» **The task**
Transcribe the full listing without changing a word, and omit its pictures.

» **Collected material**

--- --- ---

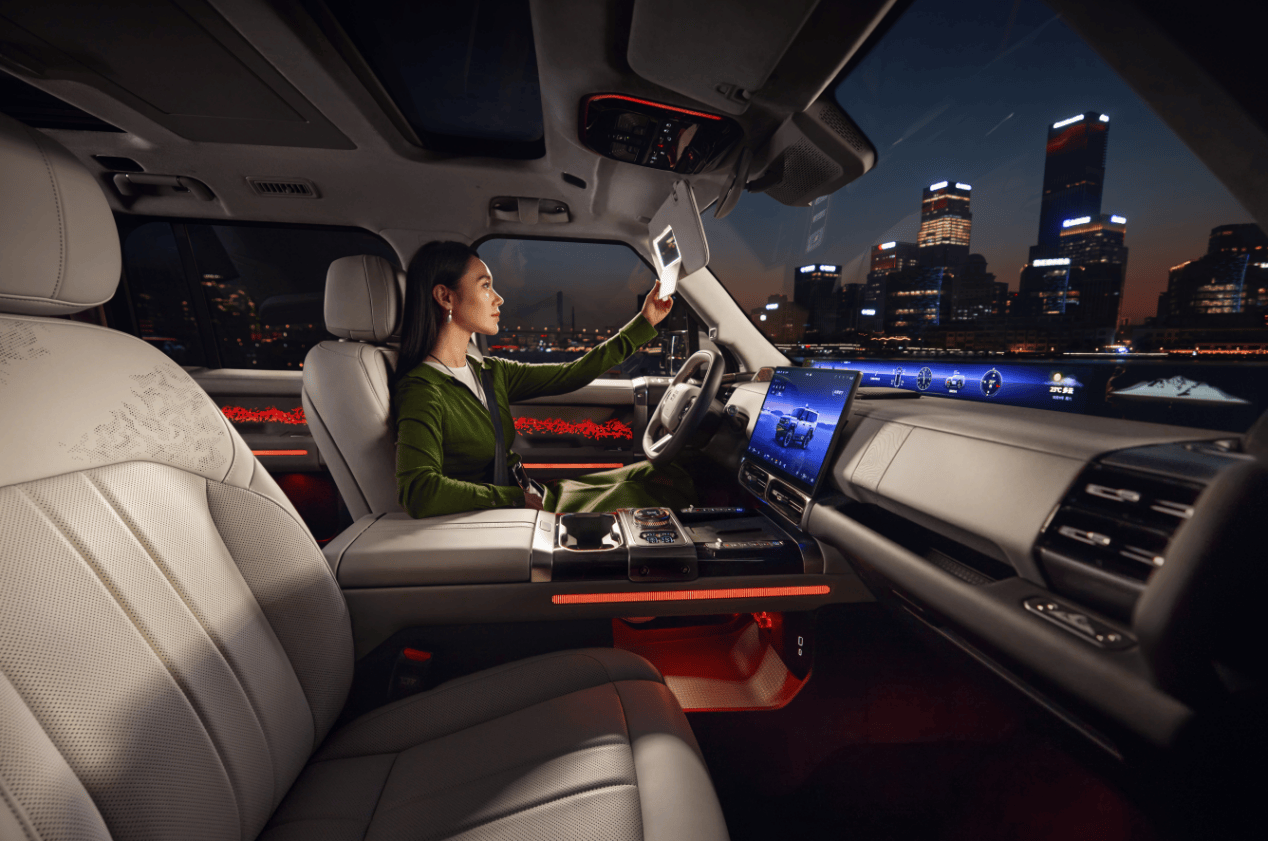 至前所未至 享前所未享 纵横G700环塔版限时超级焕新价33.49万起上市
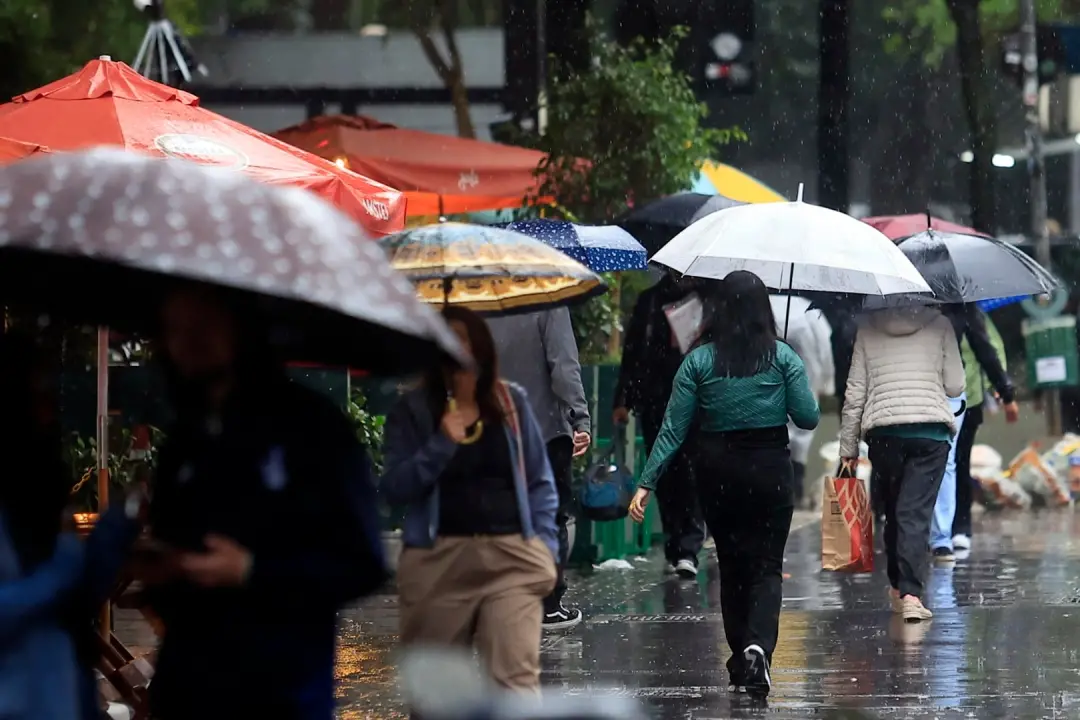 253,8 milímetros de chuva no Mirante de Santana em São Paulo até 14 de setembro, superando o recorde de 1983. Esse volu…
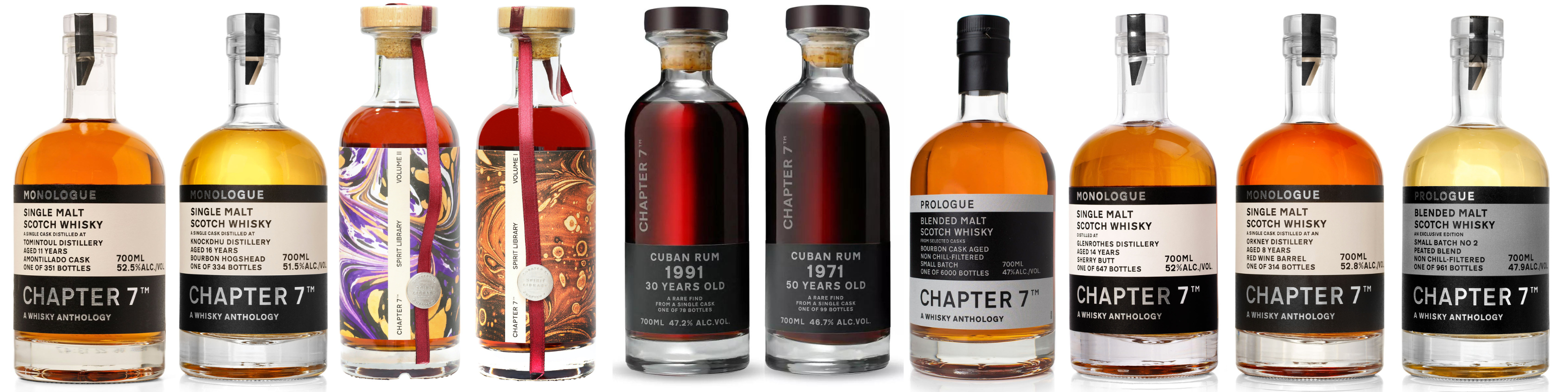 You can order Chapter 7 whiskies from our online partners that ship worldwide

--- --- ---

» **Exercise solution**
 至前所未至 享前所未享 纵横G700环塔版限时超级焕新价33.49万起上市
 253,8 milímetros de chuva no Mirante de Santana em São Paulo até 14 de setembro, superando o recorde de 1983. Esse volu…
 You can order Chapter 7 whiskies from our online partners that ship worldwide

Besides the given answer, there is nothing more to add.